Anti-fraud policy – Simple awareness of a fraud policy tells anyone who might be tempted that the organization is not clueless and naïve.
Formal fraud risk assessment – A CPA or other financial expert can review accounting procedures to assess weaknesses in the system.
Job rotation – It’s axiomatic that no one’s irreplaceable and nonprofits should ensure cross-training, not only to discourage fraud, but also to cover staff absences.
Mandatory vacation – One of the most common employee profiles for fraud is the employee who heroically works long hours, rarely takes a vacation and shuns assistance from colleagues. It may be that assistance will reveal the scheme.
Segregation of duties – No single person should have unchecked access to all accounting procedures, a basic tenet of generally accepted accounting principles everywhere.
Employee background checks – Sadly, financial and criminal background checks can expose applicants who are repeat offenders or even existing staff. As much as 15 percent of employees who have been caught are repeat offenders.
Robust internal controls – Require two signatories for checks, institute strict authorization and oversight procedures for all accounting systems, especially cash, purchasing, payroll and payables, as well as expense reporting.
Computer security – Conduct regular reviews of access to administrative and accounting systems.

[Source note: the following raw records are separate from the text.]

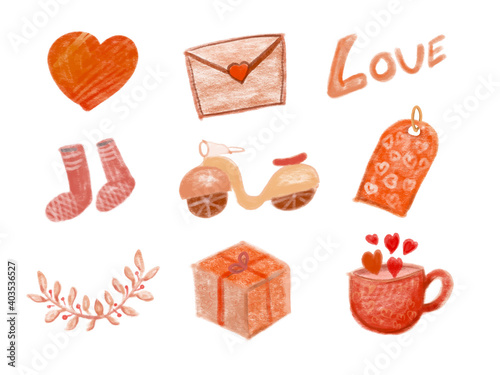 Valentine design elements for romantic decorations.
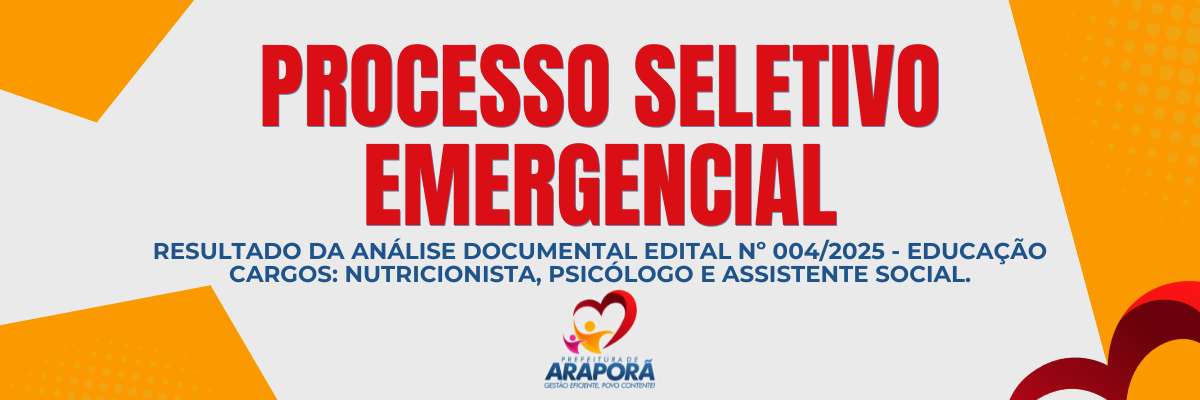 Imagem destaque notícia RESULTADO DA ANÁLISE DOCUMENTAL EDITAL Nº 004/2025 - EDUCAÇÃO | CARGOS: NUTRICIONISTA, PSICÓLOGO E ASSISTENTE SOCIAL.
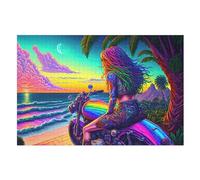 Puzzle 1000 Pièces Adultes, Rebel Ride by The Océan,pour EnfFourmis,Puzzles en Bois,Décoration De La Maison （75×50cm）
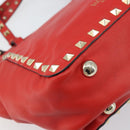 VALENTINO Rockstuds Handtas Leer 2-weg Rood Goud Auth BA10808-17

Periodic inventory – Regularly inventory fixed assets to guard against theft.
Independent audit committee – The burden of financial oversight rests with the board; an independent committee can review policies, procedures and controls, as well as verify financial statements.
Internal audits – A forensic CPA can also review internal controls periodically, in addition to interim financial statements.
Secure the premises – It may seem obvious but nonprofits often do not restrict after hours access to the physical plant and computer systems.
Create an alert system – Work with software programmers and/or the bank to set up a system of alerts based on account activity, balance threshold or wire notifications.
Set up a fraud hotline – Make it easy for your best fraud detectors, other staff members, to report fraud.
An ounce of prevention
There are few ironclad protections against fraud; no single one of the suggestions above will be enough to prevent malfeasance. Nonprofits can do themselves a favor by cultivating a climate of transparency and openness concerning fraud.